Wellington Chamber Orchestra, Emma Sayers (piano), conducted by Kenneth Young

St. Andrew’s on The Terrace

Sunday, 3 July 2011,2.30pm

Another ambitious programme from Wellington’s major amateur orchestra was this time conducted by a leading and very experienced musician. His encouraging attitude was very apparent, and the orchestra responded well. Although this orchestra is named a chamber orchestra, it more often these days plays works for symphony orchestra, as in this programme.

Debussy’s Petite Suite, originally written for piano in the late 1880s, was arranged for full orchestra by Henri Busser (1872-1973). This delightful work is in four movements, each with music clearly illustrative of its title, the rocking of the boat in the first movement being the most obvious. The marching band in the second reminds the audience that it is a procession (only in English is the word cortège used solely for a funeral procession), while after the lovely minuet, the ballet is of an extremely energetic kind.
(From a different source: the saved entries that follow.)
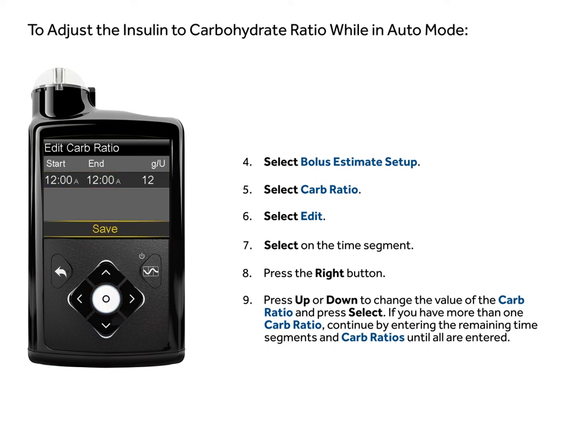If you have more than one carb ratio, continue by entering the remaining time segments and carb ratios until all are entered.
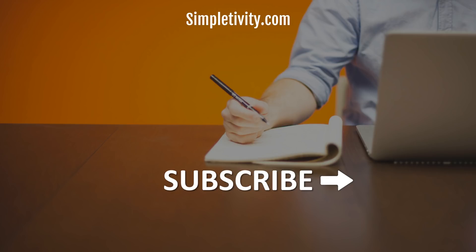I hope you enjoyed today's video. If you did, be sure to give it a thumbs up and subscribe right here to Simpletivity. Remember, being productive does not need to be difficult—in fact, it's very simple.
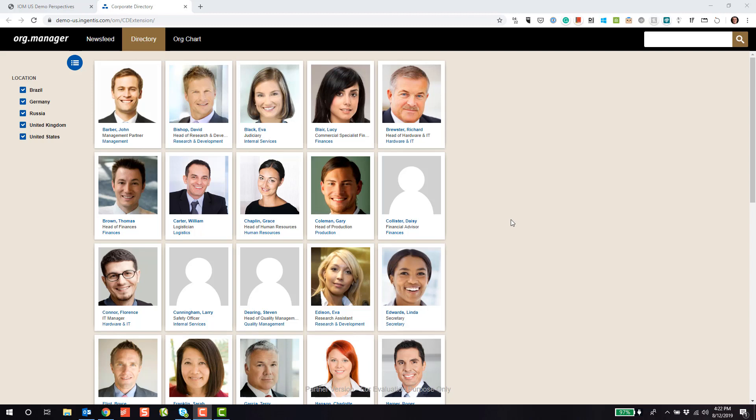Welcome to this brief demonstration of Engentis Org Manager. We specialize in a variety of HR use cases, and in this case, we're going to look at corporate directories.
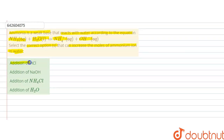The first option is the addition of HCl. HCl addition will not increase the concentration of ammonium ion in this reaction. This is an incorrect option.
The first movement featured interesting and enchanting interplay between harp and flutes, in which a young harpist revealed a high level of competence. Throughout, the music was tuneful, joyous, varied, and unveiled the splendid orchestration. The brass finally got to contribute in the bouncy final movement. The playing was not faultless, but the band gave a good account of this attractive work.

The Mozart piano concerto called for a smaller orchestra, there being no harp, no clarinets, only one flute and fewer strings.

Emma Sayers played strongly, but with plenty of subtlety and light and shade, and a fine, light touch, appropriate for Mozart. At all times she played with clarity, as befits this composer.
The cadenza for the first movement was written by conductor and composer Kenneth Young. He made very appealing use of Mozart’s themes. This cadenza was not showy for the sake of it, but did incorporate some un-Mozartean harmonies to betray its recent origin.
After it, Young gave Sayers an appreciative smile.

In the andante there was much exposed playing for winds. The horns did not always come out of this successfully – a difficult instrument indeed (and presumably even more difficult if the musicians had been playing the valve-less horns of Mozart’s time). The sound was often rather heavy for the rest of the orchestra to compete with. The flute played frequently in concert with the oboes, making a most attractive sound.

While it is good to see children in the audience at an orchestral concert (no doubt they were family members of the players), it is a pity their carers think it necessary to give them sweets with noisy wrappers to rustle when the orchestra is playing something as delicate as the andante in Mozart’s concerto, thus interfering with audience members’ enjoyment.

The winds were able to let fly in the last movement, and they acquitted themselves well.

The final work in this appealing programme was a massive one. Perhaps this great symphony was a little too difficult for the orchestra. Intonation problems struck at the beginning: unfortunately the opening was not the horns’ best moment; later they had some better ones. There were four horns,
three trombones, and tuba. In the louder part of the second movement, and elsewhere, this brass choir was rather too noisy for the rest of the orchestra. The solo oboe theme in the third movement was beautifully played, as was the whole of that movement.

Trombones also had moments of difficulty, but they and the tuba came into their own in the last section of the last movement; they had plenty of power in the fortissimo passages. However, this venue is not really large enough to take the sound of a symphony orchestra playing at that level with modern brass instruments.

All of that said, the work developed well, and the extra strings contributed to a mainly admirable sonority in that department. Details and themes came through well, and syncopation at the end of the first movement and in the second movement was crisp and clear.

It was good to see and hear an amateur orchestra alive and well, and playing fine music. Obviously this was not a performance at professional level, but it was creditable nonetheless. Aberrations of intonation were the main problem; dynamics, themes, rhythm were all well observed, and the concert represented a considerable achievement.